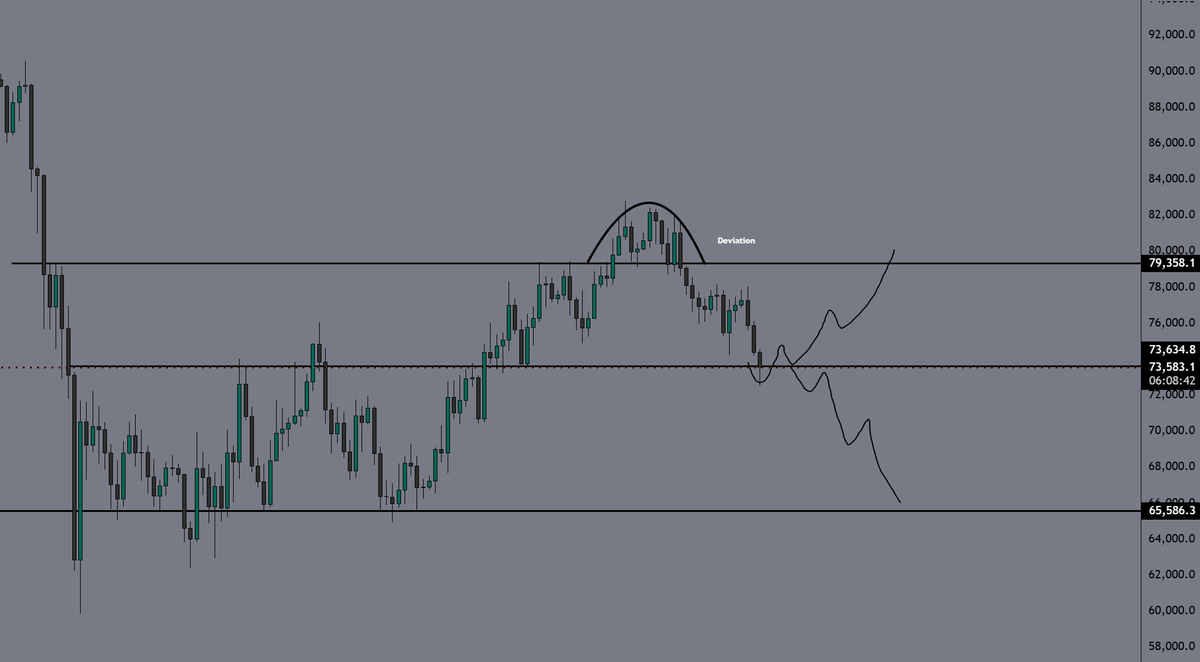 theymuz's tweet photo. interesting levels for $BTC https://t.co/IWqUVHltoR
------------
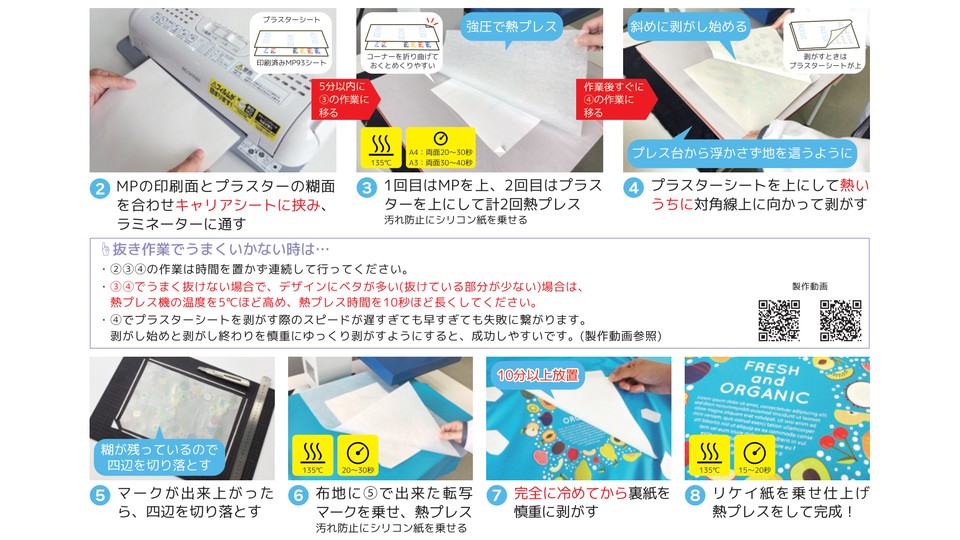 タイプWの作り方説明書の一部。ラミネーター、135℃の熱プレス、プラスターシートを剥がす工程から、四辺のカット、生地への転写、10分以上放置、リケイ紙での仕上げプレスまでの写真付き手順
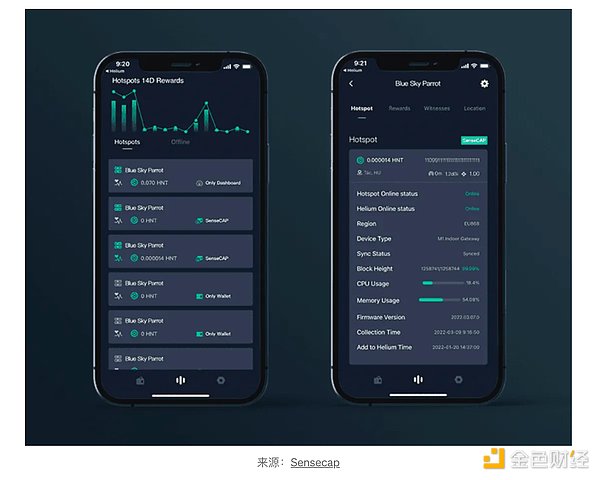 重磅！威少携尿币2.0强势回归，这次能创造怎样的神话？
------------
## ABOUT THIS TASK
Exact copy, pictures excluded: every line above from the one containing "タイプWの作り方説明書の一部" to the one containing "重磅！威少携尿币2.0强势回归，这次能创造怎样的神话？", inclusive, and nothing more.

## EXPECTED ANSWER
 タイプWの作り方説明書の一部。ラミネーター、135℃の熱プレス、プラスターシートを剥がす工程から、四辺のカット、生地への転写、10分以上放置、リケイ紙での仕上げプレスまでの写真付き手順
 重磅！威少携尿币2.0强势回归，这次能创造怎样的神话？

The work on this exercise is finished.